Eyes: clear, deep lemon
Nose: clean, med intensity, honey, floral, wood spice, sweet and oxidative notes (caramel), secondary aromas dominate, ripe apples
Mouth: off-dry to med sweetness, med+ body, med- to med acidity, med length, oily mouthfeel, bitter finish
All in all: Very good quality; drink now, but has potential for ageing.
So I had this wine picked out for me. Really interesting stuff. Beautiful deep lemon colour, coupled by an interesting nose quite reminiscent of a Vouvray I tried a couple weeks back. Instead, though, the honey and woodier spices were more pronounced, with the fruit taking a bit more of the back seat role in the vehicle that was this wine. Oh man. My analogies. Oxidative notes were present and integrated well with the spice notes. So like, the middle seat of the van. Or the front compartment where you keep your licence and registration.
The palate was really interesting, and the sweetness is really hard to peg. The wine begins with this sweetness, but quickly becomes overtaken by this streak of bitterness and slight acidity that takes over the palate and has this two-toned sort of personality. You sort of get that teasing quality, but it’s more of that alluring sweetness that gradually falls into that bitter badass quality. Very Saoirse Ronan from Hanna. lol my analogies.
The body is heavy and has that slightly oily mouthfeel, with just enough acidity to have good structure.

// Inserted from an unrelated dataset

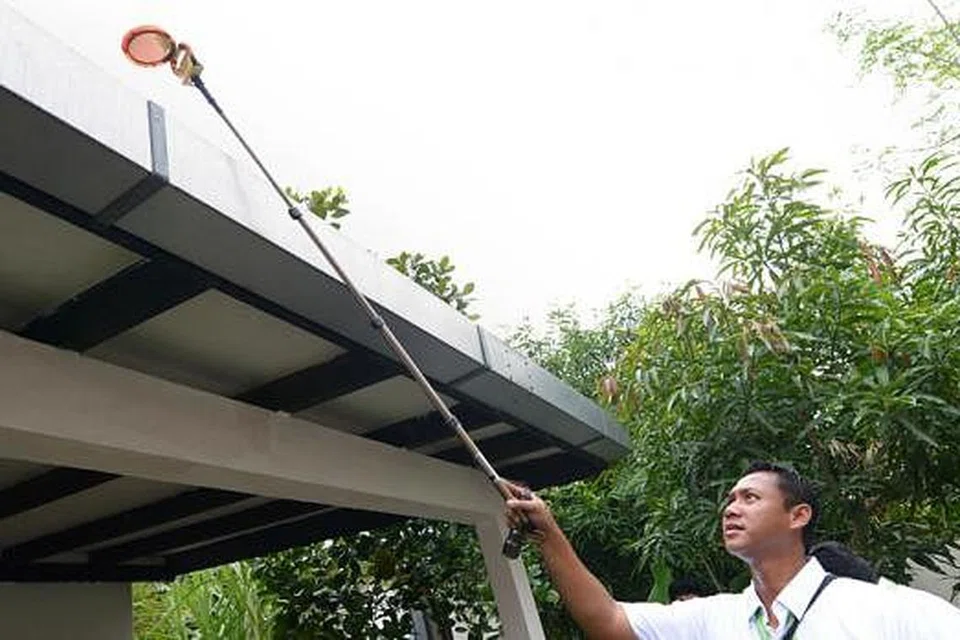 PEMERIKSAAN KETAT: Seorang pegawai Agensi Sekitaran Kebangsaan (NEA) memeriksa bumbung sebuah rumah bagi memastikan tiada pembiakan nyamuk Aedes di kawasan ada takungan air. - Foto fail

After tasting this wine, it reminded me more of a couple (very good value) Late Harvest Sauvignon Blanc wines I’ve had in the past, which, while sweet, still had that bitterness to back up the sweetness.
Although not Chenin Blanc, I did guess an Old World wine.
(“Germany wasn’t too far off…”)
Then I guessed a whole crapload of grapes until I got to Pinot Gris, which surprised me, not only because I’m not a big fan of Pinot Gris, but because I didn’t realize Pinot Gris could have such a distinct character and personality (even though I guess it did remind me of a lot of other wines I’ve had). Like the 2005 Champalou Vouvray, I’d like to (and am afraid to) see what more age can do to this wine, although it’s wonderful as it is right now. I’m going to shamelessly brag that I guessed one year off of the actual vintage 🙂
This was delicious, and would maybe make for a great gift, but I can definitely say that there are similar wines that are lesser wallet destroyers, although this was a great example of what Pinot Gris can do.
Producer: Domaine Mersiol
Designation: Grand Cru Frankstein
Variety: Pinot Gris
Tasted: May 16, 2012
Price: $40 (Liberty)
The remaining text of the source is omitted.